Task. The expected result is every entry, retyped character for character.
==== Records provided
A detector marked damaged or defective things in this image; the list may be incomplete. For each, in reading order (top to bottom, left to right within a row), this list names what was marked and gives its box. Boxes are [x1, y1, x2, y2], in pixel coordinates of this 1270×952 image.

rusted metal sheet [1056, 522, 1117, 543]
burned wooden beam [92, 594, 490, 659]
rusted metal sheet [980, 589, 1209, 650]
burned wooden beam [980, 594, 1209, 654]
========
Answer below.
A detector marked damaged or defective things in this image; the list may be incomplete. For each, in reading order (top to bottom, left to right within a row), this list names what was marked and gives its box. Boxes are [x1, y1, x2, y2], in pixel coordinates of this 1270×952 image.

rusted metal sheet [1056, 522, 1117, 543]
burned wooden beam [92, 594, 490, 659]
rusted metal sheet [980, 589, 1209, 650]
burned wooden beam [980, 594, 1209, 654]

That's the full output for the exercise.